What I'm missing here is a way to direct the evaluation function to actually winning. For example, a perfect evaluation function for a won position in chess would always return
+1 without any hint how to progress towards checkmate. In a chess variant without the fifty-move limit, it could play useless turns forever.
I guess, this is a rather theoretical problem as we won't ever have such a good function, but I wonder if there's a way to avoid it?
It certainly isn't just a theoretical problem, it can occur in practice too. For "large" games this problem won't occur in the early game, but it can start occurring in the later stages of a game when terminal positions can actually be reached directly through exhaustive searches. It can also occur right from the beginning in extremely small / simple games, like Tic Tac Toe.
Addressing this is not (necessarily) just a matter of defining the evaluation function alone, it can also depend on which search or learning algorithm is used. So, I'll consider a few different cases.
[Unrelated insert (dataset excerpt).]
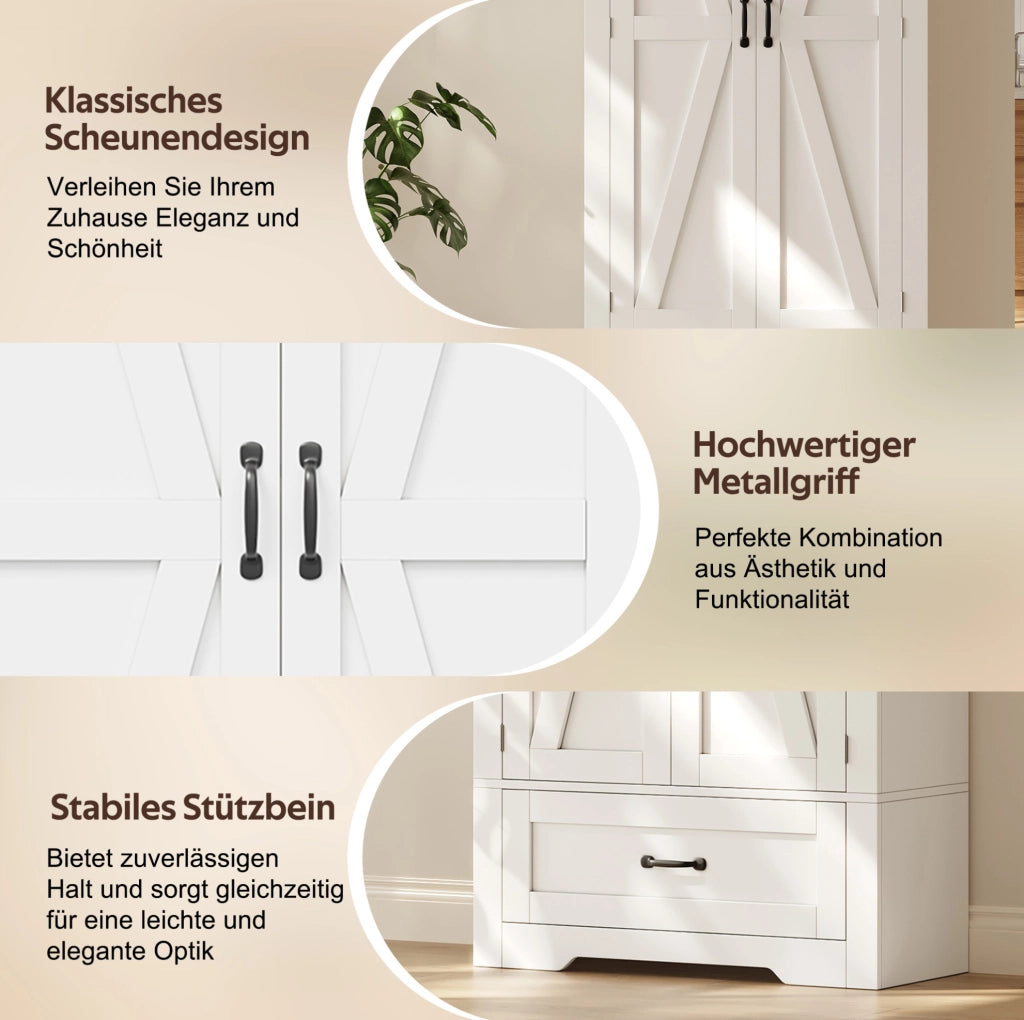 Mobile dispensa alto in MDF bianco con 2 ante e cassetto, 80x35x183 cm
Case 1: Minimax / Alpha-Beta / other similar "exhaustive" searches
When using Minimax / Alpha-Beta / other search algorithms based on those, the easiest solution to the problem you describe is to use iterative deepening. As soon as you prove a win for yourself at a certain depth level
d using iterative deepening, you can simply stop the search, don't search if there are any other wins to be proven at depth
d + 1, just play along the line you've just proven to be a winning line. This way, you will always go for the win in the lowest number of moves.
A related advantage of this approach is that, as soon as you prove a loss at depth
d for yourself, you can also cancel the search process and play the move that was best according to your evaluations at depth
d - 1. This will often be your best chance to still grab a win in cases where your opponent fails to see their win at depth
Case 2: Monte-Carlo Tree Search / other searches with randomness
Monte-Carlo Tree Search is a well-known search algorithm that incorporates an element of randomness in its search. With these kinds of algorithms, the problem you describe tends not to be a real issue. Due to the randomness in the search, wins that can be achieved in a small number of moves tend to be evaluated better than longer-distance wins in practice. In long-distance wins, there is a greater chance that the randomness in the search process causes an incorrect move to be played somewhere along the long-distance win, which reduces the evaluation of such a line of play.
Case 3: (Reinforcement) Learning approaches
These approaches tend to involve some element of randomness due to the need for exploration in learning, which leads to similar reasoning as described for MCTS above. Also, in Reinforcement Learning, we typically use a discount factor
gamma < 1.0 (e.g.
gamma = 0.99) which causes distant rewards to be viewed as less important than close rewards, even if we don't do such discounting for the final evaluation of the performance of an algorithm. See, for example, a lot of the work on Atari games (DeepMind's DQN, etc.). Algorithms are evaluated according to their undiscounted scores, but learning still uses a bit of discounting because, in practice, this is found to be beneficial for learning.